- **WORK TO COMPLETE**: Copy each of the records exactly; leave nothing out.

(Data records)

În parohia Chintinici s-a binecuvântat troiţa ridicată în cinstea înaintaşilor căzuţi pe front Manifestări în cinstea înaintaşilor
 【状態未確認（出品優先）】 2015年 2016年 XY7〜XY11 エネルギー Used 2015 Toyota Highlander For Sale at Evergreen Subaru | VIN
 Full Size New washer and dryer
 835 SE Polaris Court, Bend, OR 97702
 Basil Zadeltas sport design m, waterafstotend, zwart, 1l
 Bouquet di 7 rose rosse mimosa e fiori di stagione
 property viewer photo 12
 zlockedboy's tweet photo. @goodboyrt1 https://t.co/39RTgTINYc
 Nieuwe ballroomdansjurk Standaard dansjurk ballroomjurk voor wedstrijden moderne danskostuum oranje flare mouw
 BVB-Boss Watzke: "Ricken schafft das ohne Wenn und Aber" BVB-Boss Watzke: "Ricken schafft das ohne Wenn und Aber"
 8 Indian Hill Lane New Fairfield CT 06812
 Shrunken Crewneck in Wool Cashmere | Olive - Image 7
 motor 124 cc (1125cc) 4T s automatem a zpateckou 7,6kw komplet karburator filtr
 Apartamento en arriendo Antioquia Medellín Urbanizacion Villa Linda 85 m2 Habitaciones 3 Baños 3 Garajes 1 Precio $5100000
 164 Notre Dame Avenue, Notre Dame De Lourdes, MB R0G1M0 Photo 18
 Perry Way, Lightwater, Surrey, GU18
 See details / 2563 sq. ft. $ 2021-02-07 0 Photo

- **RESPONSE TO THE EXERCISE**:
În parohia Chintinici s-a binecuvântat troiţa ridicată în cinstea înaintaşilor căzuţi pe front Manifestări în cinstea înaintaşilor
 【状態未確認（出品優先）】 2015年 2016年 XY7〜XY11 エネルギー Used 2015 Toyota Highlander For Sale at Evergreen Subaru | VIN
 Full Size New washer and dryer
 835 SE Polaris Court, Bend, OR 97702
 Basil Zadeltas sport design m, waterafstotend, zwart, 1l
 Bouquet di 7 rose rosse mimosa e fiori di stagione
 property viewer photo 12
 zlockedboy's tweet photo. @goodboyrt1 https://t.co/39RTgTINYc
 Nieuwe ballroomdansjurk Standaard dansjurk ballroomjurk voor wedstrijden moderne danskostuum oranje flare mouw
 BVB-Boss Watzke: "Ricken schafft das ohne Wenn und Aber" BVB-Boss Watzke: "Ricken schafft das ohne Wenn und Aber"
 8 Indian Hill Lane New Fairfield CT 06812
 Shrunken Crewneck in Wool Cashmere | Olive - Image 7
 motor 124 cc (1125cc) 4T s automatem a zpateckou 7,6kw komplet karburator filtr
 Apartamento en arriendo Antioquia Medellín Urbanizacion Villa Linda 85 m2 Habitaciones 3 Baños 3 Garajes 1 Precio $5100000
 164 Notre Dame Avenue, Notre Dame De Lourdes, MB R0G1M0 Photo 18
 Perry Way, Lightwater, Surrey, GU18
 See details / 2563 sq. ft. $ 2021-02-07 0 Photo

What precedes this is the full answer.